* BRIEF *
From the entries below, return only the lines starting at the one that contains "Deep Fry: Heat" and ending at the one that contains "Stock up on", exactly as they stand.

* DATA *
----------

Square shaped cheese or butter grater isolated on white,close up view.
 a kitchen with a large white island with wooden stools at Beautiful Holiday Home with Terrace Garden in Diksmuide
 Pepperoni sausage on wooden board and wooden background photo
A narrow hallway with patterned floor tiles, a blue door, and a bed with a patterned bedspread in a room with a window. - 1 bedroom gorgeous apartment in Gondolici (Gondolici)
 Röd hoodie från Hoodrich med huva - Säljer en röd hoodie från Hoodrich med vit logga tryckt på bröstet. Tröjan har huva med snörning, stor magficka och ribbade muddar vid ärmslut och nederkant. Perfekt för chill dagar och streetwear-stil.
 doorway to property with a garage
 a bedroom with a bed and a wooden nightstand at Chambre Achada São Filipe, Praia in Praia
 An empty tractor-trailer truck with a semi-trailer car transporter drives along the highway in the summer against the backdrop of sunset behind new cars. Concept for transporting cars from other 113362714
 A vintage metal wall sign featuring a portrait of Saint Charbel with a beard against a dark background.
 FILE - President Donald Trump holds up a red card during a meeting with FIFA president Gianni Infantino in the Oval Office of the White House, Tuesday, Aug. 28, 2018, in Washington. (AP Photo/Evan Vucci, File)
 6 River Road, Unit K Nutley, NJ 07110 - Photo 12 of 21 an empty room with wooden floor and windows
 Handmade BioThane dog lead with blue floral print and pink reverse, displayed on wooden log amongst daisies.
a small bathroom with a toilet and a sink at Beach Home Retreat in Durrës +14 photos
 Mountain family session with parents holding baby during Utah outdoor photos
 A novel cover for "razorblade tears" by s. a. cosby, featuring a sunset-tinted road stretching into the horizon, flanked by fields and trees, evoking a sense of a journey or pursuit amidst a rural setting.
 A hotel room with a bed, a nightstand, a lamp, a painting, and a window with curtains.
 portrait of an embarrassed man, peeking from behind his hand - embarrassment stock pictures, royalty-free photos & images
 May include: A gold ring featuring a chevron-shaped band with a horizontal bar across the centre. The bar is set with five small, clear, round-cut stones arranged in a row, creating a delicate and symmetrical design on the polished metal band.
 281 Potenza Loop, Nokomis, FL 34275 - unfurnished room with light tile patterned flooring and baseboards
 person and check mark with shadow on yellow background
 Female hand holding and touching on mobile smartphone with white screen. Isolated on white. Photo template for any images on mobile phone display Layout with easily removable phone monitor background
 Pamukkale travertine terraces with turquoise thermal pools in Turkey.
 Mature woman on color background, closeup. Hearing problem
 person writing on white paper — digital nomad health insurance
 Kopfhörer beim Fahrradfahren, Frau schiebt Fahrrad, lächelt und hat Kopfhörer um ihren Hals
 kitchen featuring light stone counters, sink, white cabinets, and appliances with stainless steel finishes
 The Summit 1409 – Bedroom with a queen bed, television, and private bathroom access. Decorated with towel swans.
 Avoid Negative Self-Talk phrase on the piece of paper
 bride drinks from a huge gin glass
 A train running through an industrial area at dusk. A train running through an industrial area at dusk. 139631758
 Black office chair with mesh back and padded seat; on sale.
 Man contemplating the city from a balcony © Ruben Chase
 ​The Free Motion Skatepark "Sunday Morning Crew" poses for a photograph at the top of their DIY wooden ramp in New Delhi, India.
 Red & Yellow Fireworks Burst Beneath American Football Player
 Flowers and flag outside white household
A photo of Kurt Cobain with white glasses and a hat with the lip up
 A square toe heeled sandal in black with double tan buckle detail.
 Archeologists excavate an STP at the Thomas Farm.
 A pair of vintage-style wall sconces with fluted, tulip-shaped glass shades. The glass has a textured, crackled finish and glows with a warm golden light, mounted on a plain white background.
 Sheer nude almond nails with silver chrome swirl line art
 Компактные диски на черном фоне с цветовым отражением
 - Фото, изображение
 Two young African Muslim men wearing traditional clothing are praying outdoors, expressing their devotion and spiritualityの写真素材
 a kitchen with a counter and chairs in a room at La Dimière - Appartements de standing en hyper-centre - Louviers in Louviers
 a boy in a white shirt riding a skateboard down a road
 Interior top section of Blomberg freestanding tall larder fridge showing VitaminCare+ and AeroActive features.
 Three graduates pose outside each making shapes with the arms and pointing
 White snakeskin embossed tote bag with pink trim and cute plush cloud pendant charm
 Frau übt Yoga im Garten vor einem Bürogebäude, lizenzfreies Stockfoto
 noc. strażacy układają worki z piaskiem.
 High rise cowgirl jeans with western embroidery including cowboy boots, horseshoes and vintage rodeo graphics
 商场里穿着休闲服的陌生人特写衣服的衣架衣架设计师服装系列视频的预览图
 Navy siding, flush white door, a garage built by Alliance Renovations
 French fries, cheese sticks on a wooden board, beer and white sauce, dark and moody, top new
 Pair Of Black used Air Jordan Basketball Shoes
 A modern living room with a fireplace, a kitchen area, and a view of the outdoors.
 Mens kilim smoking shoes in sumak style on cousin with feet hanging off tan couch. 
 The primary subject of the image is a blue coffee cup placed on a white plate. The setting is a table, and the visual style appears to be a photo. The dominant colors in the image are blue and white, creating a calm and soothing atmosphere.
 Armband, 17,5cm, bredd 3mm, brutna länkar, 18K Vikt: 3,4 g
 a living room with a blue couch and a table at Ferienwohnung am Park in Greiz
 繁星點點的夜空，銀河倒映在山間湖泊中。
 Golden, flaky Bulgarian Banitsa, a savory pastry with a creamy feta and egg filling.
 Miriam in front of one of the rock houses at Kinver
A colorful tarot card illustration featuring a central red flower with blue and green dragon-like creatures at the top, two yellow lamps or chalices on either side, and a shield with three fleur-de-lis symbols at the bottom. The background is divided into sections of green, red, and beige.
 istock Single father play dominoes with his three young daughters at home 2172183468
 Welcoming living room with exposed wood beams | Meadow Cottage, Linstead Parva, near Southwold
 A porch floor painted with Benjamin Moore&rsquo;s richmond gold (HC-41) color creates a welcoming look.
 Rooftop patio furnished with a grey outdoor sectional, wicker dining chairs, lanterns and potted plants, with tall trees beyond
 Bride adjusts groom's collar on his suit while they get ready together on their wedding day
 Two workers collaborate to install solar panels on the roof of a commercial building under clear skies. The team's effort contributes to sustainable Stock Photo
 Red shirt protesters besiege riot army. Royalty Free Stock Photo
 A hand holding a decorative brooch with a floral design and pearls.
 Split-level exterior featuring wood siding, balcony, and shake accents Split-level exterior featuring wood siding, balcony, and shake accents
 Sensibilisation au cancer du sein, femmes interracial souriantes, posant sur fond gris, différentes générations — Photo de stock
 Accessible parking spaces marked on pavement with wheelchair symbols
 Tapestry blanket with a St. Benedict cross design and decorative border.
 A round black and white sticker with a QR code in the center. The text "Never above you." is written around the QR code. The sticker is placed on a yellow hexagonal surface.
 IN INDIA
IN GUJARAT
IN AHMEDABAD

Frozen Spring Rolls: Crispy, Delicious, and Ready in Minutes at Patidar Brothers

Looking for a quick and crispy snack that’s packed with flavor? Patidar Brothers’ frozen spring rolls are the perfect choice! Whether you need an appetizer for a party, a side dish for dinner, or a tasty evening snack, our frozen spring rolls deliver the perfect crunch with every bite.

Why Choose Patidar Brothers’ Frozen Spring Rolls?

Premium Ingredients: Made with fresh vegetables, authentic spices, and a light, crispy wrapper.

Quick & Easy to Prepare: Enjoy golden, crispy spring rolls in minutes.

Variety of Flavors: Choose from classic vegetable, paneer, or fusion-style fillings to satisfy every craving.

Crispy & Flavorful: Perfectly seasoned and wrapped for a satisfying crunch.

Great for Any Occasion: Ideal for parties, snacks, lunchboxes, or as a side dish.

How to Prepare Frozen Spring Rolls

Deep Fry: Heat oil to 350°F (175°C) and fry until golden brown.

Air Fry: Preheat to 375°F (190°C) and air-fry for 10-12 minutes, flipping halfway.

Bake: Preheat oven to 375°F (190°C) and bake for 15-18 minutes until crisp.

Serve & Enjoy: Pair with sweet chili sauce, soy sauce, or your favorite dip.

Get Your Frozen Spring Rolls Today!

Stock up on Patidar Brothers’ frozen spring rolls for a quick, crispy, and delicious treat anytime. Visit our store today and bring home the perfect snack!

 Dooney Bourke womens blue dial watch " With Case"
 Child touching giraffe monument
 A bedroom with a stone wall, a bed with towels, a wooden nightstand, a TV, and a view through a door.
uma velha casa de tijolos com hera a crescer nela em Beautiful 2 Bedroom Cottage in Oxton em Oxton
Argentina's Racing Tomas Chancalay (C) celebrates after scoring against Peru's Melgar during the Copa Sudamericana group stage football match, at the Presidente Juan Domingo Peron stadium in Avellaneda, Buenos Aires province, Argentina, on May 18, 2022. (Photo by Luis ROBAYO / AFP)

----------

* SOLUTION *
Deep Fry: Heat oil to 350°F (175°C) and fry until golden brown.

Air Fry: Preheat to 375°F (190°C) and air-fry for 10-12 minutes, flipping halfway.

Bake: Preheat oven to 375°F (190°C) and bake for 15-18 minutes until crisp.

Serve & Enjoy: Pair with sweet chili sauce, soy sauce, or your favorite dip.

Get Your Frozen Spring Rolls Today!

Stock up on Patidar Brothers’ frozen spring rolls for a quick, crispy, and delicious treat anytime. Visit our store today and bring home the perfect snack!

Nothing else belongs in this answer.